Los paisajes de Washington, Idaho u Oregon, con sus bosques surcados por riachuelos contrastan con el salvaje hombre urbano que depreda peces y otros seres humanos. Especímenes extraños que llaman a su hija, “la niña” y establecen relaciones afectivas con las estatuas de los parques. Homenaje gringo al absurdo, con una poética fundamentada en el extrañamiento, brinda destellos de lucidez crítica que convierten su lectura en una aventura análoga a la pesca de salmónidos, donde pueden saltar a tu red fragmentos como este:
“Y entonces allá arriba, en Salt Creek, se me ocurrió que siendo la pena capital lo que es, un asunto de estado sin poesía sobre las vías cuando el tren se ha ido y no hay vibración en los raíles, deberían tomar la cabeza de uno de los coyotes muertos por culpa de esas cosas de cianuro del demonio y vaciarla y blanquearla al sol y convertirla en una corona, con los dientes en círculo sobre la parte superior y una agradable luz verdosa emanando de los dientes. Y entonces los testigos y los reporteros y los lacayos de la cámara de gas tendrían que presenciar la muerte de un rey con la corona de coyote sobre las sienes, con el gas alzándose en la cámara como la bruma se desliza por la ladera de la montaña desde Salt Creek. Lleva lloviendo dos días, y a través de los árboles el corazón deja de latir.”

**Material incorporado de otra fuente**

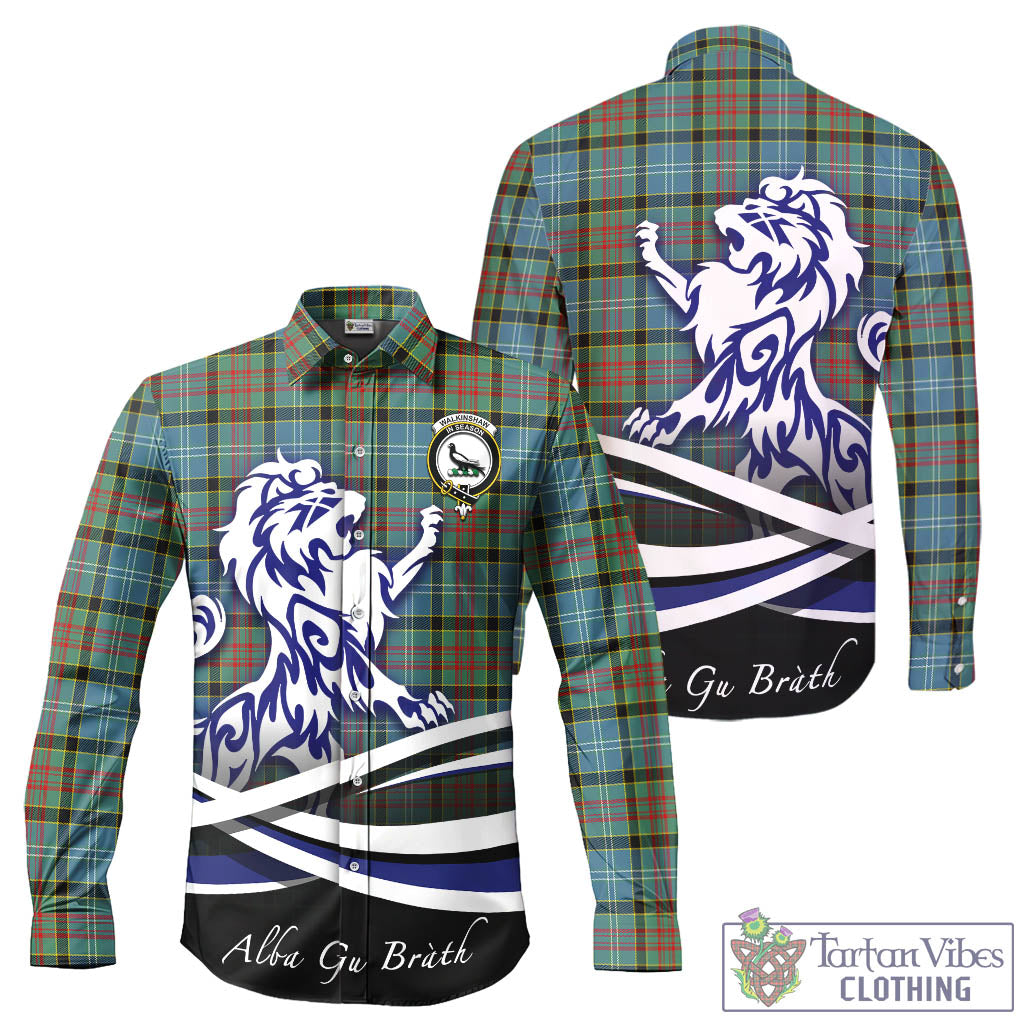 Walkinshaw Tartan Long Sleeve Button Up Shirt with Alba Gu Brath Regal Lion Emblem - Tartan Vibes Clothing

Esta semana, el estado de Alabama ejecutó a un preso por primera vez mediante hipoxia por nitrógeno. A Kenneth Eugene Smith ya habían intentado ejecutarlo mediante la inyección letal el 17 de noviembre de 2022, pero el método se suspendió al no encontrar la vena para introducir la vía. Se encontraba condenado a muerte desde 1989 y a través de diferentes procesos legales logró “vivir” 34 años más. “Los testigos observaron de dos a cuatro minutos de contorsiones y unos cinco minutos de respiración agitada antes de que fuera declarado muerto”. No sabemos si recibió la corona de coyote. Así de vigente sigue Richard Brautigan.